Per Table per Type Database diagram

So you can see mapping inheritance in EF Code First is relatively simple but be careful when choosing one over the other. For example inheritance is great and it just works but when it comes to reporting it can lead to some complication, so think from that point of view as well.

EF Code First: Table Per Hierarchy

April 6, 2011 5 comments

Continuing with my previous blog post about Entity framework today I am going to show you how to use Table Per Hierarchy relationship with Code First Approach.

It’s again a very useful mapping scenario and can be used for filtering specific types of domain objects.I am going to use a very simple real life scenario like a Person table and with that we have 2 derived types Players and Coaches, I know this may not be the best example for this kind of scenario but for illustration purpose and keep the example as simple as possible.

Lets first start with a domain model where we want to conceptually map 2 derived entities to a base entity.

Player Coach Class Diagram

and the code for 3 classes are as following :-

public abstract class Person
{
    public int Id { get; set; }
    public string FirstName { get; set; }
    public string LastName { get; set; }
    public DateTime DateOfBirth { get; set; }
}
public class Player : Person
{
    public int SportId { get; set; }
    public int NoOfGames { get; set; }
}
public class Coach : Person
{
    public DateTime ContractStartDate { get; set; }
    public DateTime ContractEndDate { get; set; }
}

and this is how we define the relationship in the configuration file.

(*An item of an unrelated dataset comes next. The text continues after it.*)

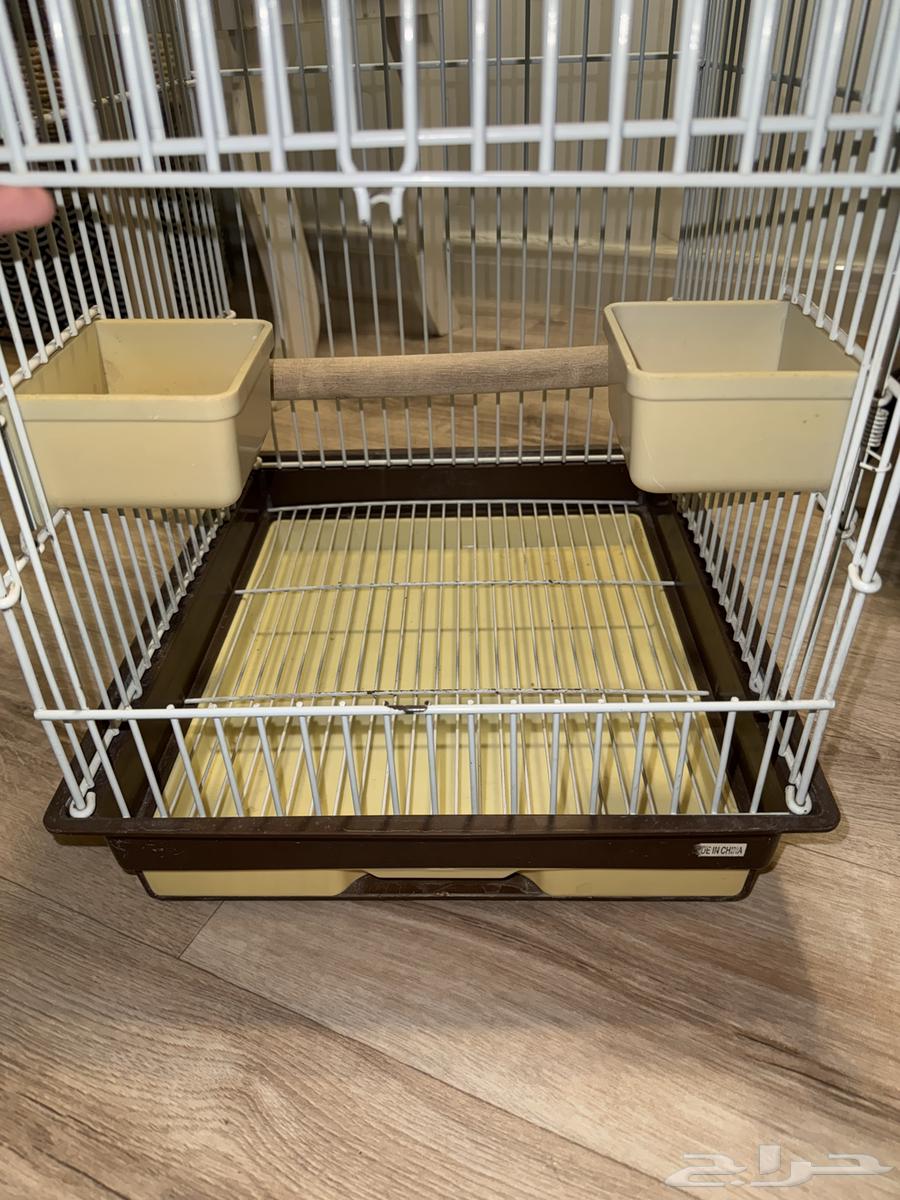 قفص طيور للبيع64356529639683113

public class PersonConfiguration : EntityTypeConfiguration<Person>
{
    public PersonConfiguration()
    {
        this.Map<Player>(x => x.Requires("PersonType").HasValue("P"))
            .Map<Coach>(x => x.Requires("PersonType").HasValue("C"));
    }
}

and now all we have to do is add the configuration class to the OnModelCreating method of our POCOContext class.

modelBuilder.Configurations.Add(new PersonConfiguration());

Lets write a unit test to make sure the database is getting created and the table are generated with the right column.

[TestMethod()]
public void Should_be_able_to_create_POCOContext_database()
{
    var target = new POCOContext();
    target.Database.Initialize(true);
}

and this is how our People table looks like.

People table structure

So far so good but the best part is the data is flat combined structure in the database but yet in our domain model it is hierarchical and we can treat even the saving or retrieval of data in terms of domain model and not like treating it a data structure and separating the two kinds of Person with just types.

Lets write some more code to see it in action, first we will try adding a new Player into the table.

[TestMethod()]
public void Should_be_able_add_a_player()
{
    var player = new Player
                 {
                    FirstName = "Joe",
                    LastName = "Blogg",
                    SportId = 1,
                    NoOfGames = 120,
                    DateOfBirth = new DateTime(1980, 12, 12)
                 };

    context.Person.Add(player);
    context.SaveChanges();

}

and lets add a coach as well.

[TestMethod()]
public void Should_be_able_add_a_coach()
{
    var coach = new Coach
                {
                    FirstName = "Joe",
                    LastName = "Blogg",
                    DateOfBirth = new DateTime(1960, 1, 2),
                    ContractStartDate = new DateTime(2009, 12, 1),
                    ContractEndDate = new DateTime(2012,12,1)
                };
    context.Person.Add(coach);
    context.SaveChanges();
}

As you can see it can’t be easier than this and the power of this feature is then you are retrieving records of either a player or a coach type.

[TestMethod()]
public void Should_be_able_to_get_Players()
{
    var players = from p in context.Person.OfType<Player>()
                select p;

    var result = players.ToList();
    Assert.AreEqual(1,result.Count);
}

By just using OfType on the Person Entity the EF is doing the filtering of records based on the type and it’s doing all hard work. Hope you guys find it quite handy and use it in your project.